Objective: To systematically identify early biomarkers of cisplatin-induced acute kidney injury (AKI) in rats.
Study design: An experimental study. Place and Duration of the Study: Experimental Animal Laboratory of Lanzhou University, Gansu, China, and the Department of Pharmacy, The First Hospital of Lanzhou University, Gansu, China, from July 2022 to October 2023.
Methodology: In this study, an AKI model was established by continuously injecting cisplatin into rats at a dose of 1 mg/kg once a day for control group and for 2, 3, 4, and 5 days to other four groups, respectively. Subsequently, rat plasma samples were collected for metabolomics analysis to identify early differentiated metabolites in the plasma prior to creatinine elevation. Furthermore, accurate HPLC-MS/MS methods were developed to validate the biomarker variation in other AKI models.

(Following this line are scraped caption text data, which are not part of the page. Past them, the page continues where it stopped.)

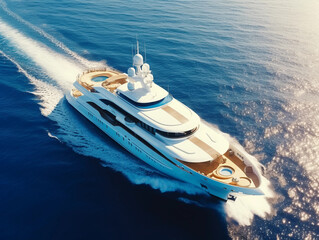 Luxury super yacht sailing in the sea or ocean, view from above.theme of rich and luxurious life 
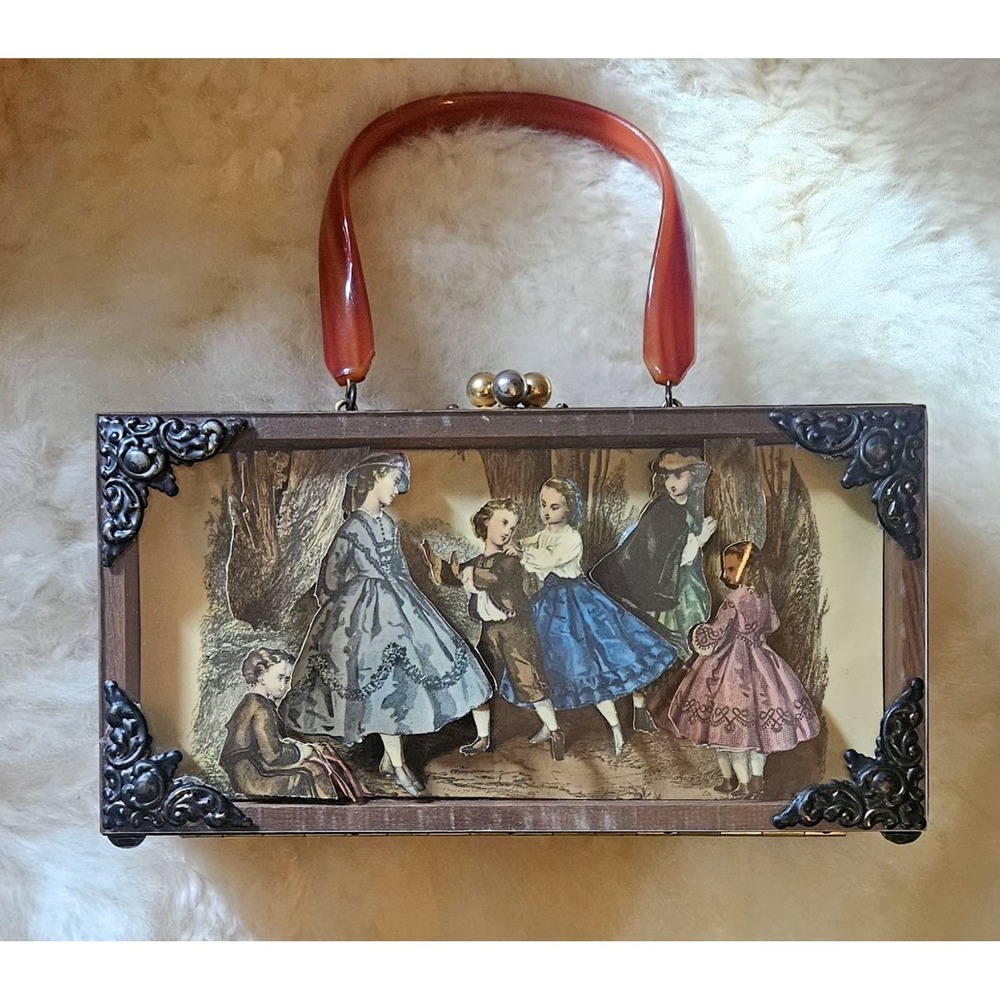 Vintage Wooden 3D  Decoupage Decorative Keepsake Box Purse 1960s/70's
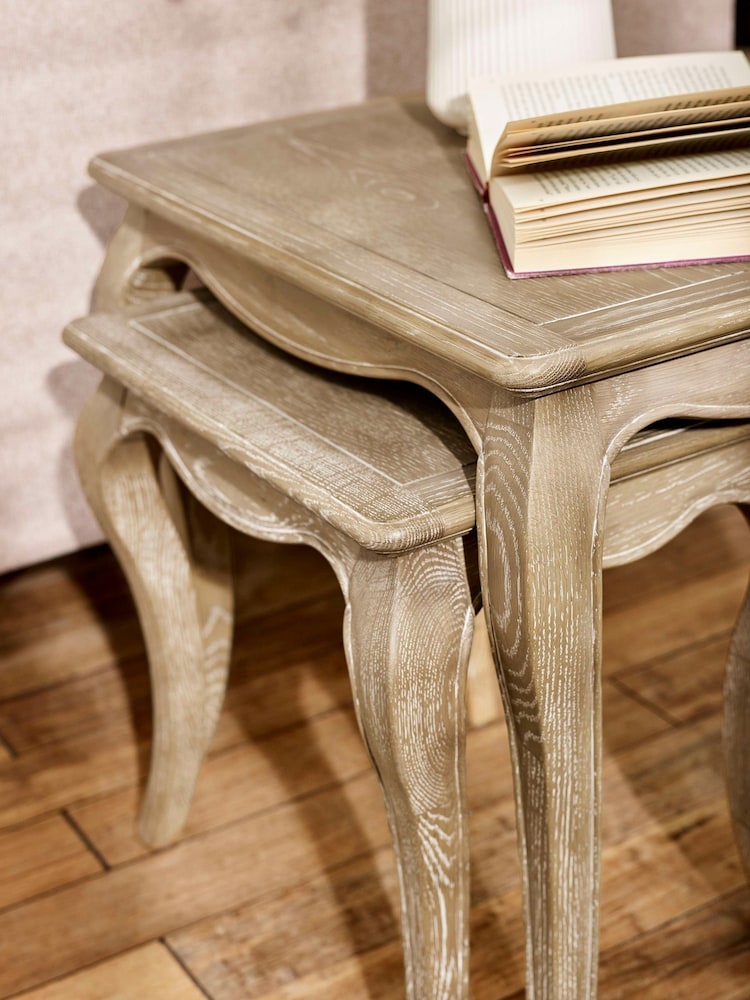 Julian Bowen Limed Oak Camille French Style Nest of 2 Tables - Image 8 of 8 Julian Bowen Limed Oak Camille French Style Nest of 2 Tables - Image 8 of 8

Results: The occurrence of time-dependent renal cortical injury and significant alterations of creatinine (Cr) concentration were observed on day-4 and 5, which demonstrated successful model construction. Sixty-six compounds changed on Day-2 while 61 compounds changed on Day-3. Eleven compounds with variable importance in projection (VIP) >1.5 and false discover rate (FDR) <0.2 were selected and identified by HPLC-MS/MS. Among these, N-acetylglutamine and citramalic acid changed earlier than serum creatinine (sCr) in the AKI model.
Conclusion: N-acetylglutamine and citramalic acid may serve as early biomarker of cisplatin-induced AKI.